In this technology driven world, where the world is moving towards AI, machine learning, Internet of Things (IOT) etc. the key entity is data. At present, if technology is a religion then Data is the God. It is everything and it is present everywhere in different forms.
Understanding Data is like a job of an “Oracle” which will help you to predict future, forecast what’s going to come next. Therefore for any Organization in any domain to have an edge over other organization under same domain they should be very good at one particular skill which is “Data warehousing – Accumulation and compartmentalization of data which in future can be used to study patterns, forecast trends and generate reports” and also they should be able to do it with performance and agility which makes sure that the business gets the information they need early as sunrise for any decision making process.
So, as a part of this blog, we are going to see how to handle huge amount of data using Informatica ETL tool without any compromise on the performance and the do’s and don’ts on this approach.
What is External Loader?
In Informatica, external loader option increases the performance of a session with huge volumes of data. External loader configuration is applicable in
- DB2
- Sybase IQ
- Oracle Teradata databases.
While using external loader, the PowerCenter session does not connect to the target database directly to load data. Instead it invokes the external application for the specific database (autoloader for DB2 EEE, sqlldr for Oracle, etc.), which load the rows into the target table. During the load, Intermediate stage files will be generated. The tables are loaded directly from the flat files, which is faster than SQL commands.
In this method, the session creates three files while loading.
- Control file
- Intermediate stage file
- External Loader Log file
- Control File: This file contains information about the target flat file, such as data format and loading instruction for the external loader. The control file has the extension “*.ctl”.

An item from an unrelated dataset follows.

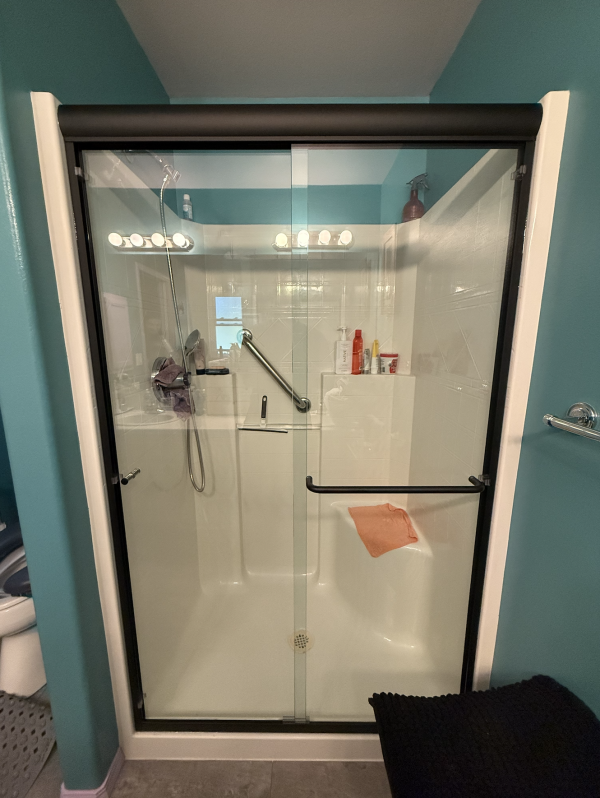Screenshot 2025-09-30 at 8.32.31 PM Sliding glass doors on walk in shower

- Intermediate stage file: This file contains the source data, that needs to be loaded into the target table. The file format can be altered in the session level.

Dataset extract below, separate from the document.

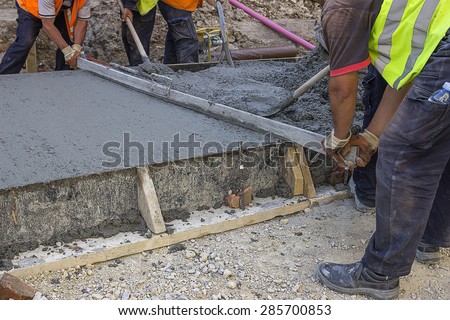 Leveling wet concrete with a metal screed. Worker hands using a screed board to level the surface. Selective focus and shallow dof.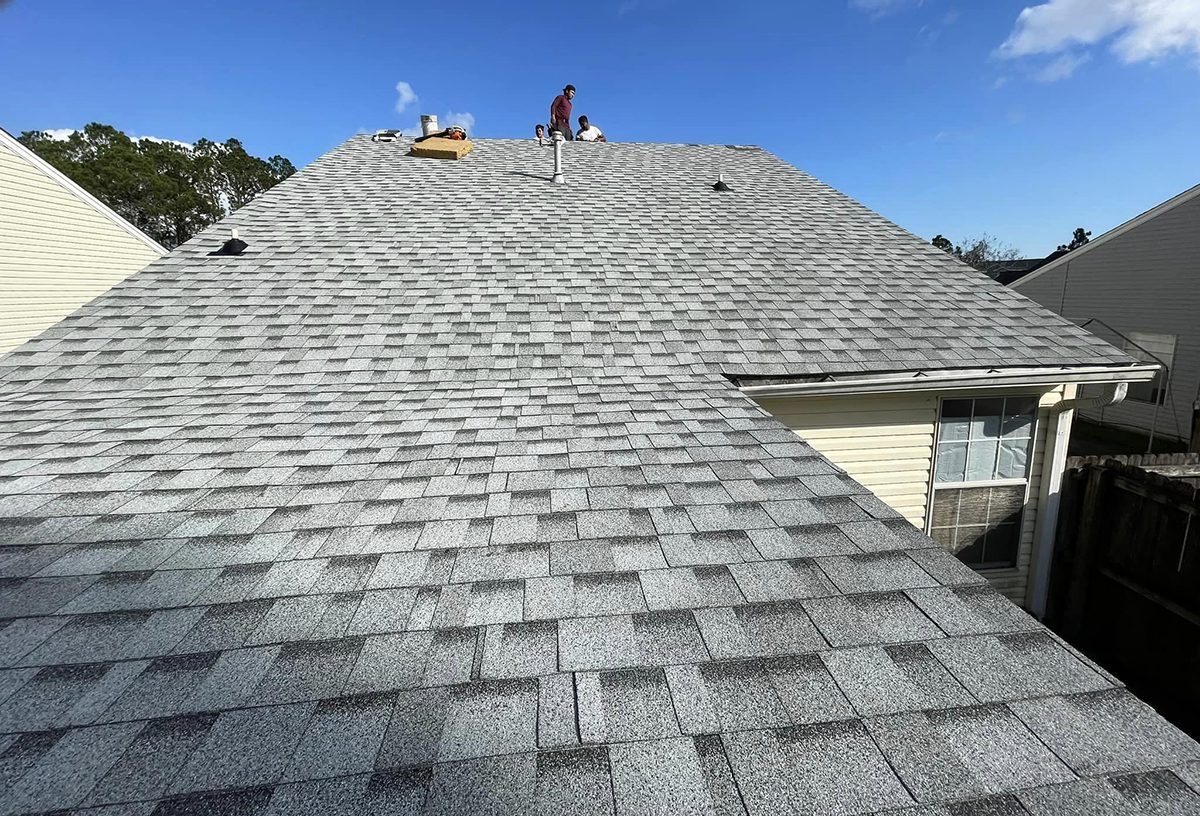 A man standing on top of a roof.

- External Loader Log file: While using External Loader, the session generates two logs:
- Session log – Contains the External loader initialization info and completion info
- External Loader log – Contains the detailed information about the steps that take place in External loader. The log has extensive Info regarding its performance.
Difference between External Loader and Bulk load Option
Advantages and Disadvantages of External loader
Advantages: The major advantage of using external loader is in the significant improvement of performance. Especially in the large volume table, external loader speeds up the process.
Disadvantages: If the Informatica job fails, the recovery is not possible due to the bypass of database logs. The only option during job failure is truncate and re-load.
Right platform for using External loader
External loader requires the right set of platforms to work at its best. We can select External Loader Option for any platform, by following the guidelines given below.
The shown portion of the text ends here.